Background technology
Carbon dioxide is a kind of resource of preciousness, can be widely used in multiple fields: the industry such as chemical synthesis industry, mechanical protection welding, metal casting processing, agricultural fertilizer, fruit and vegetable is fresh-keeping, beer beverage is filling, oil exploitation, fire-fighting fire extinguishing, medical and health all needs great amount of carbon dioxide.The source of China's carbon dioxide is very abundant, but because the measure of reclaiming carbon dioxide is unfavorable, the carbon dioxide of annual recycling also not enough discharge capacity 2%, nearly about 20,000,000,000 tons of carbon dioxide in air is discharged into every year in world wide, both the pollution of air had been caused, form fearful greenhouse effects, waste again valuable resource.
Developing rapidly in recent years along with industry, carbon dioxide consumption figure increases year by year and the production of carbon dioxide often limits by resource, and therefore carbon dioxide product is in the state that supply falls short of demand always.
Ethylene prepares the carbon dioxide that in the production process of oxirane, by-product is a large amount of, makes full use of this part carbon resource, carries out refining purification, both decreased a large amount of pollution, and increased again the economic benefit of enterprise carbon dioxide.
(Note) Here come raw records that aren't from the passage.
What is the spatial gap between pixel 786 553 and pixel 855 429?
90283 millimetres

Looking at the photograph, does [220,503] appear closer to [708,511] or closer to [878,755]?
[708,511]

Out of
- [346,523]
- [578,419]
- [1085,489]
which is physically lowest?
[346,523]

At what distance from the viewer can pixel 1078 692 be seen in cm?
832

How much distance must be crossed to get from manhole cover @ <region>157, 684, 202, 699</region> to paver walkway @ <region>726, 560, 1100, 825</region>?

But ethylene understands residual fraction ethene in carbon dioxide tail gas after preparing oxirane, cause carbon dioxide purification difficulty.
The separation of impurities in carbon dioxide gas in the past mainly adopts Production by Catalytic Combustion Process, under the effect of catalyst, the organic compound combustion in unstripped gas is generated water and carbon dioxide.First Production by Catalytic Combustion Process will build the device that a set of cryogenic air separation method produces liquid oxygen, pure oxygen is joined in the carbon dioxide having 96% purity, mixes with it, then all gas is heated to 350 DEG C, enter in catalytic burner, by excessive oxygen effect, a small amount of organic impurities is burnt.The all gas generated cools to about 20 DEG C again, enters supercharging in compressor after voltage stabilizing, through molecular sieve drying dehydration, and adsorption-edulcoration matter, then the excessive oxygen removing and add is entered in rectifying column through post liquefaction, can liquid carbon dioxide product be obtained at the bottom of tower.
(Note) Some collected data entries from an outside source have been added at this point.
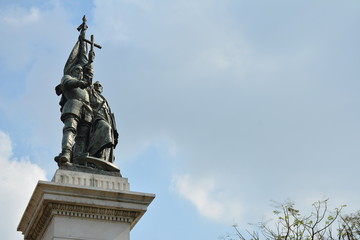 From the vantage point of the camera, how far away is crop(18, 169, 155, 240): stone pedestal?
10.4 meters

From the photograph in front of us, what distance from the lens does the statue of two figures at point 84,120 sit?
456 inches

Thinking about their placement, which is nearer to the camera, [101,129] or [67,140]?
[67,140]

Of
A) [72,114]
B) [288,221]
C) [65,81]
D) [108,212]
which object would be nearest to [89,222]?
[108,212]

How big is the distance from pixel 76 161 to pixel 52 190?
1.26m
Production by Catalytic Combustion Process is a set of liquid oxygen production device and combustion heating cooling system than absorption distillation fado totally, and more complicated than absorption distillation method one times of flow process, bring the operation of air liquefaction and catalysis intensification temperature-fall period to bother manyfold than absorption distillation.In addition, the absorbed portion of absorption distillation method operates under normal temperature condition, and the liquid oxygen production system of Production by Catalytic Combustion Process air liquefaction, will will consume mass energy, and the production cost of absorption distillation method is lower.
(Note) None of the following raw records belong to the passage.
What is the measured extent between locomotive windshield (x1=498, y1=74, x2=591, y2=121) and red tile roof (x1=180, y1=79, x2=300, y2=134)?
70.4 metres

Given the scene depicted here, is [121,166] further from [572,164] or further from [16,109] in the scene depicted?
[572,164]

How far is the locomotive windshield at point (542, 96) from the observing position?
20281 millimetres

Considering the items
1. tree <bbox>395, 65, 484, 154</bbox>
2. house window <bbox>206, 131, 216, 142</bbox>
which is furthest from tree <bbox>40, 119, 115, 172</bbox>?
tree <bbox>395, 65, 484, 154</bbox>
But the purifier of absorption distillation method adopts molecular sieve to carry out purifying to foreign gas, and purification capacity is limited in the past.The structure of this patent to conventional purification device is changed, and adopts more effective purified material, enhances the adsorption capacity of ethene, and this purification system has good ethylene absorption performance, and purification degrees is high, and adsorbance is large, selective good.
Summary of the invention
Goal of the invention of the present invention is the shortcoming in order to overcome above-mentioned background technology, a kind of method utilizing solution to synthesize is provided to prepare zinc-oxide nano column array on substrate, and multiple substrate arrangement is formed purification system in purifier, then remove the method for ethene in carbon dioxide.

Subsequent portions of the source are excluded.